Theorem 4.6.1 (Multinomial Theorem) Let $m$ and $n$ be positive integers. Let $A$ be the set of vectors $\mathbf{x} = (x_1,\ldots,x_n)$ such that each $x_i$ is a nonnegative integer and $\sum_{i=1}^n x_i = m.$ Then, for any real numbers $p_1,\ldots,p_n,$ \[(p_1 + \cdots + p_n)^m = \sum_{\mathbf{x}\in A} \frac{m!}{x_1!\cdots x_n!} p_1^{x_1} \cdots p_n^{x_n}.\]
Let $\mathbf{X}_1,\ldots,\mathbf{X}_n$ be random vectors with joint pdf or pmf $f(\mathbf{x}_1,\ldots,\mathbf{x}_n).$ let $f_{\mathbf{X}_i} (\mathbf{x}_i)$ denote the marginal pdf or pmf of $\mathbf{X}_i.$ Then $\mathbf{X}_1,\ldots,\mathbf{X}_n$ are called mutually independent random vectors if, for every $(\mathbf{x}_1,\ldots,\mathbf{x}_n),$ \[f(\mathbf{x}_1,\ldots,\mathbf{x}_n)=f_{\mathbf{X}_1} (\mathbf{x}_1) \cdots f_{\mathbf{X}_n} (\mathbf{x}_n) = \prod_{i=1}^n f_{\mathbf{X}_i} (\mathbf{x}_i).\] If the $X_i$s are all one-dimensional, then $X_1,\ldots,X_n$ are called mutually independent random variables.
Theorem 4.6.2 (Generalization of Theorem 4.2.?) Let $X_1,\ldots,X_n$ be mutually independent random variables. Let $g_1,\ldots,g_n$ be real-valued functions such that $g_i(x_i)$ is a function only of $x_i, \; i=1,\ldots,n.$ Then \[E(g_1(X_1)\cdots g_n(X_n)) = (Eg_1(X_1))\cdots(Eg_n(X_n)).\]

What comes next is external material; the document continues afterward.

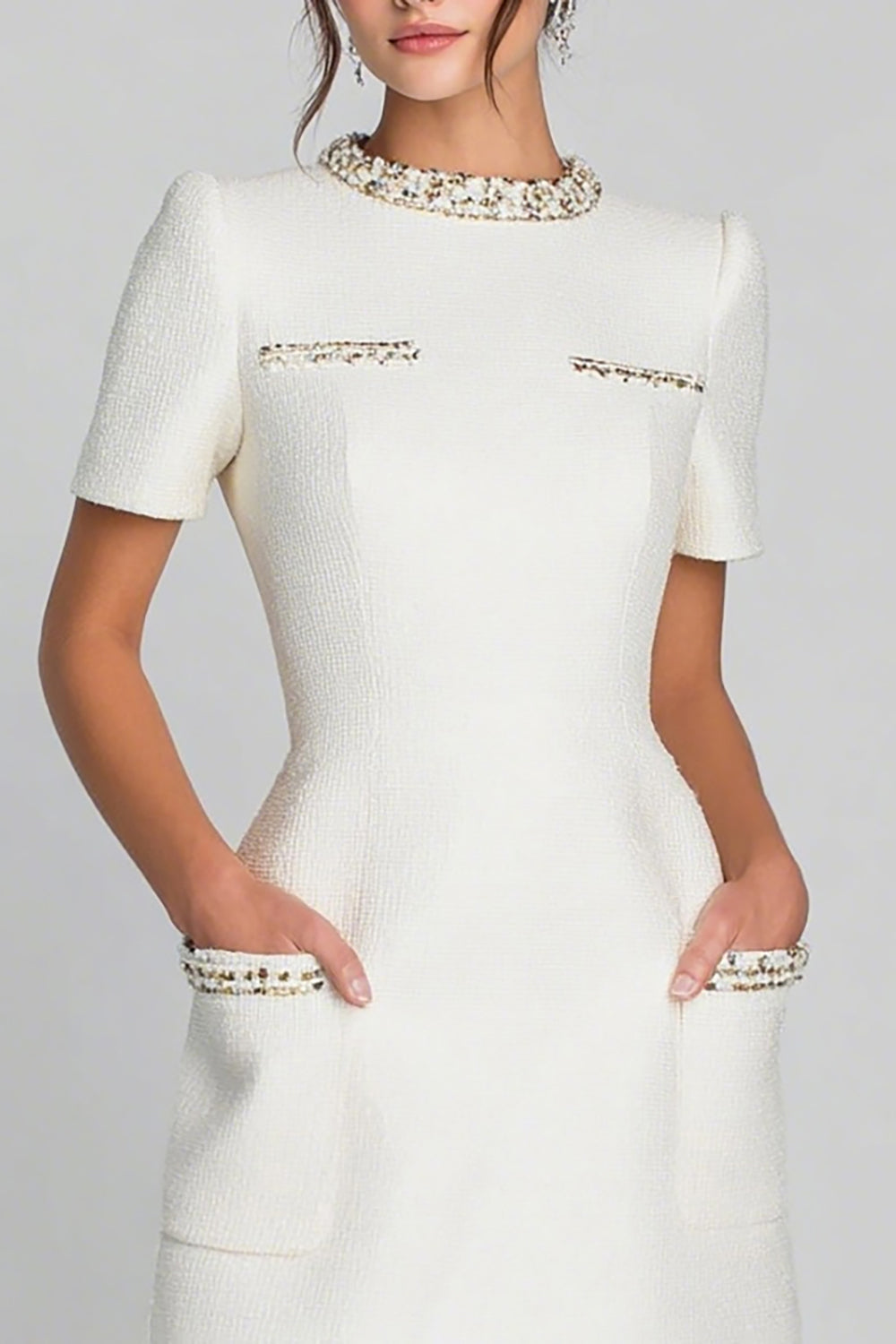 Ivory Tweed Round Neck Short Pencil Homecoming Outfits with Pockets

Theorem 4.6.3 (Generalization of Theorem 4.2.? Let $X_1,\ldots,X_n$ be mutually independent random variables with mgfs $M_{X_1}(t),\ldots,M_{X_n}(t).$ Let $Z = X_1 + \cdots + X_n.$ Then the mgf of $Z$ is \[M_Z(t) = M_{X_1}(t)\cdots M_{X_n}(t).\] In particular, if $X_1,\ldots,X_n$ all have the same distribution with mgf $M_X(t),$ then \[M_Z(t) = (M_X(t))^n.\]
Corollary 4.6.4 Let $X_1,\ldots,X_n$ be mutually independent random variables with mgfs $M_{X_1}(t),\ldots,M_{X_n}(t).$ Let $a_1,\ldots,a_n$ and $b_1,\ldots,b_n$ be fixed constants. Let $Z= (a_1X_1 + b_1) + \cdots (a_nX_n + b_n).$ Then the mgf of $Z$ is \[M_Z(t) = (e^{t(\sum b_i)})M_{X_1}(a_1t)\cdots M_{X_n}(a_nt).\]
Corollary 4.6.5 Let $X_1,\ldots,X_n$ be mutually independent random variables with $X_i \sim N(\mu_i, \sigma_i^2).$ Let $a_1,\ldots,a_n$ and $b_1,\ldots,b_n$ be fixed constants. Then \[ Z = \sum_{i=1}^n (a_iX_i + b_i) \sim N\left(\sum_{i=1}^n (a_i\mu_i + b_i), \sum_{i=1}^n a_i^2 \sigma_i^2 \right)\]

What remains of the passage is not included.